Lew said:
Arne's advice
was meant to exclude hand-copying. He was referring to copy-and-paste
from real code.
Copy-and-paste is not always reasonable to expect. In this instance, for
example, to do it by copy-and-paste would have entailed copying from
four separate source files, then doing quite a lot of hand-deleting,
since the actual classes and interfaces involved are considerably larger
than the distilled-down examples. It would have easily taken ten or more
times as long.
And it would have been very easy to introduce an error, for example by
deleting something essential by accident while trimming the irrelevant
or by leaving in a reference to yet another class or interface that
would no longer resolve.
Most likely, instead of one minor keyword substitution (where the
intended meaning, to humans, was not even affected) there would have
been two or more errors, possibly more serious.
I only disagree slightly, because actually he's right - it really is
better to post real code, except sometimes the snippet is so short
Like this time? Twenty lines, including one only-a-comment line and one
blank line inside a class. Three of the classes only three lines long each.
The original source runs to dozens of lines (a lot of it Javadoc, of
course) per interface and a couple of hundred in the concrete class.
Copying that and then deleting most of it and editing the rest would
probably have resulted in a higher error rate, as well as consumed more
time, than writing out "the gist" longhand.

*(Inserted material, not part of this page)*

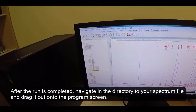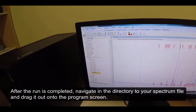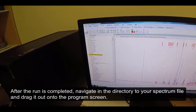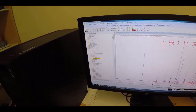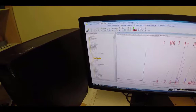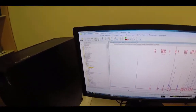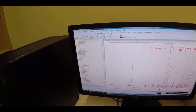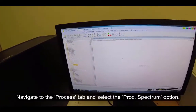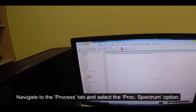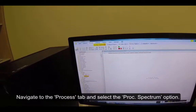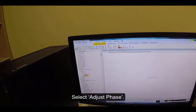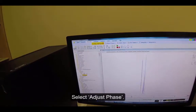After the run is completed, navigate in the directory to your spectrum file and drag it out onto the program screen. Navigate to the Process tab and select the Process Spectrum option. Select Adjust Phase.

The beauty of this group is that people will catch the error most of the
time. Happens to me a lot.
What I find disturbing is that nobody could see past it to the matter
actually at issue, which still does not seem to have been addressed. The
pedantic focus on the implements-vs.-extends issue completely derailed
the thread and the actual matter of original interest got completely
sidelined.
This is doubly odd in light of the observation that this is a nonlinear
medium where both could be addressed, concurrently, in disparate
branches, even by separate people.
I therefore have to wonder if there are other motives to the
fault-finding behavior observed than purely to altruistically alert
others that might not be as familiar with Java's normal usage of the
extends and implements keywords, given how eagerly that was pursued --
indeed, it was pursued *so* eagerly that it was apparently pursued to
the exclusion of *any* pursuit of the intended topic of the thread.